Friday, 15 July 2016

In the Short Box: Quality and Stuff

The Theme is Quality

I will preface this post by saying that I was extremely saddened when I heard that Comics and Cola was shutting down. I’ve been lost ever since, erring on the internet trying to find good sources of review of alternative comics and have yet to find something as excellent as Zainab Akhtar’s thoughtful analysis and reviews of comics. I’m not going to lie; I even sent her a fan letter when I heard the end of Comics and Cola. I wished her all the best in her new endeavor and hoped it would still somehow be related to comic book. I couldn't have been happier to hear about her new initiative, Shortbox, a curated international comic box. I was suspicious at first upon hearing the concept. It sounded an awful lot like Loot Crate or Comic Blind Box, a concept I'm not fond of I've often described as an expensive landfill delivery system that never seems to provide any comic book of real interests. However, after reading her pitch for Shortbox, those fears were quickly whisked away. The focus is on comic book, good ones, with a side of tiny extras along the way. I had much faith in her ability to select interesting comics and dispense with the unnecessary fluff.

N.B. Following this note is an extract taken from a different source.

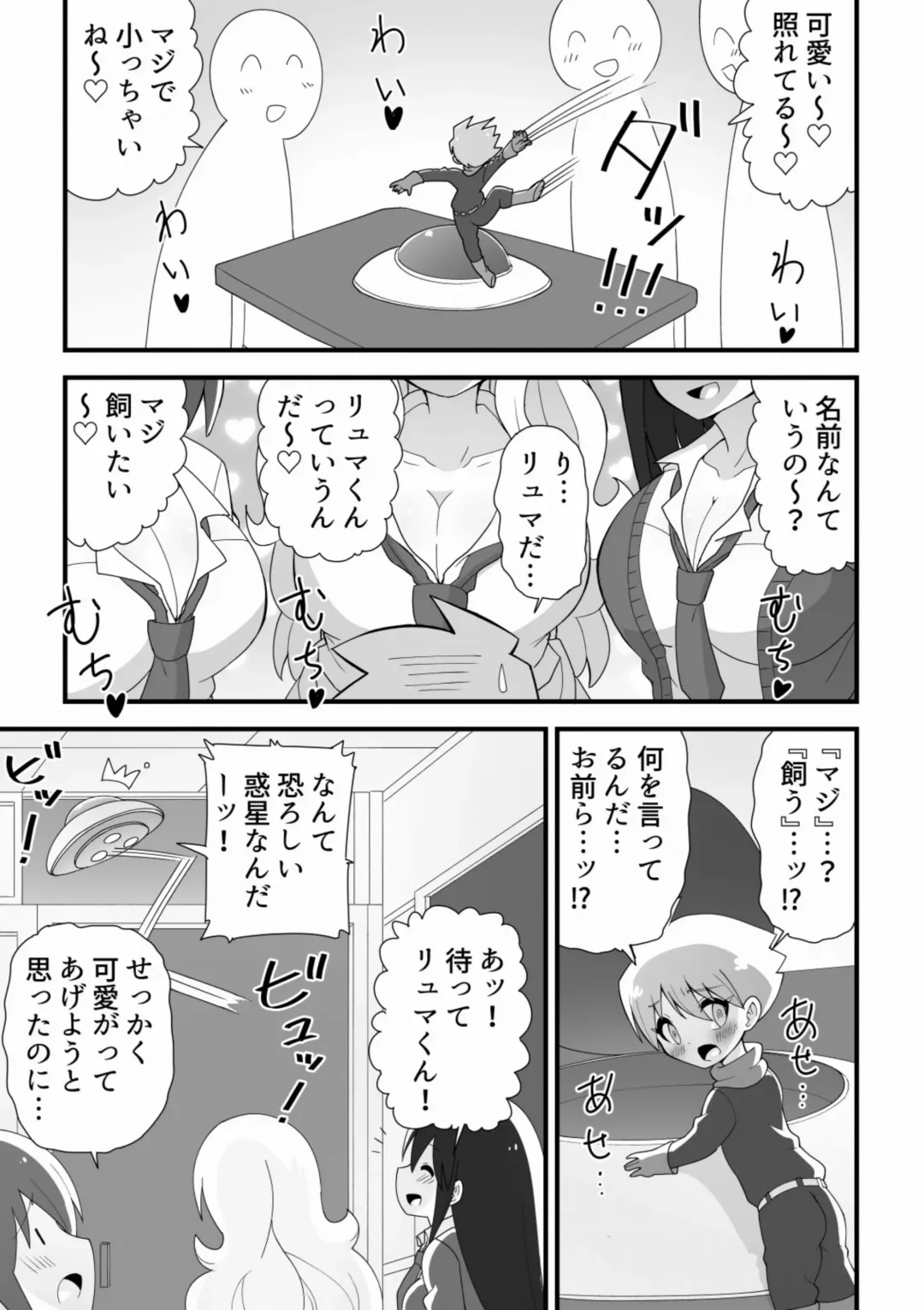 A story about a big gal and a small alien making a child Fhentai - Page 5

I was lucky enough to get one of those boxes and I thought I’d come out of blogging semi-retirement to talk about the content of Shortbox from front to back. Without further ado, let’s take a look.

Neebo, by Violaine Briat

The first thing the reader is greeted with is a magnificent cover featuring a yellow humanoid with a splendid red cloak sitting in a sunbeam in the middle of a dark forest. The colours are deep and vibrant, our first indication of Violaine Briat's extensive focus on colorus throughout the comic. Neebo is the tale of an anthropomorphic humanoid looking to keep a turtle (the titular Neebo) safe in a violent magical post-apocalyptic fantasy land. Our protagonist, named Jonas, appears at first to be a likeable character, as he rescues the turtle from a violent fight to the death between two other anthropomorphic beasts. But our opinion quickly changes as his intentions are revealed to be not as noble as they might have seemed initially and that he may be as bad as everyone else in this land. 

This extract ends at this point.